Председательствовал, как и на суде, полковник Добренький, но героем вечера был, конечно, Павел Трофимович Евпраксеин. Все знали, от кого получена им личная благодарность, все его поздравляли, интересовались его здоровьем, справлялись о жене, о детях, а жена Борисова Манька сидела рядом и строила глазки, и терлась своим коленом о его колено, и за всякими закусками лезла непременно в дальний конец стола и при этом ложилась на Евпраксеина всей своей грудью, которая могла не взволновать разве что только чурбана.
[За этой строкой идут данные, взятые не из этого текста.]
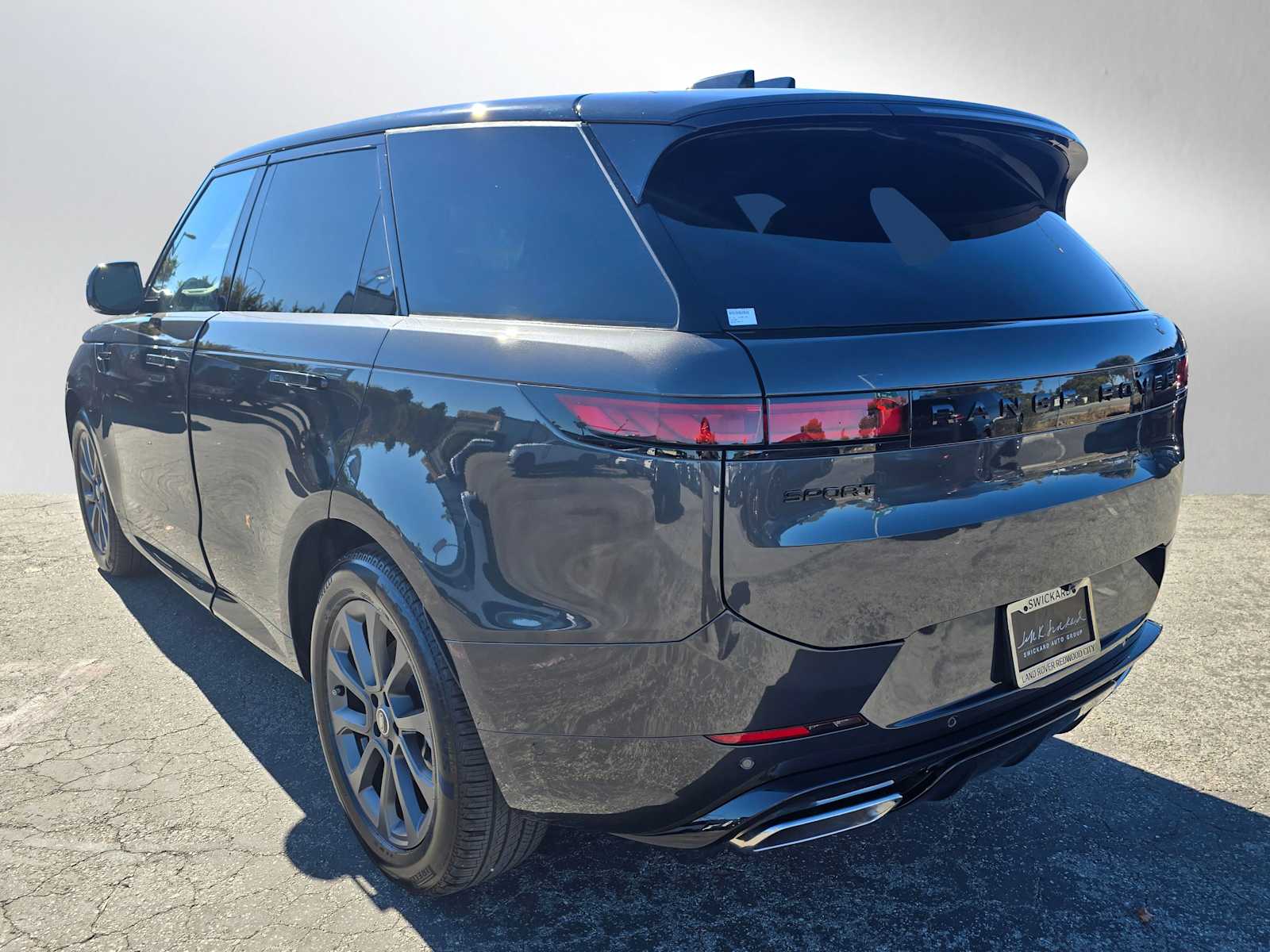 2025 Land Rover Range Rover Sport P400 Dynamic SE photo 3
Но Евпраксеина она не взволновала, хотя он чурбаном не был, а впрочем, кто его знает, эта сторона жизни его осталась совсем в тени. Во всяком случае, Манькины призывы остались в этот раз совершенно безответными, и Манька, а также и другие участники этого вечера решили, что прокурор просто ошалел от свалившегося на него счастья, а может, и того хуже – зазнался.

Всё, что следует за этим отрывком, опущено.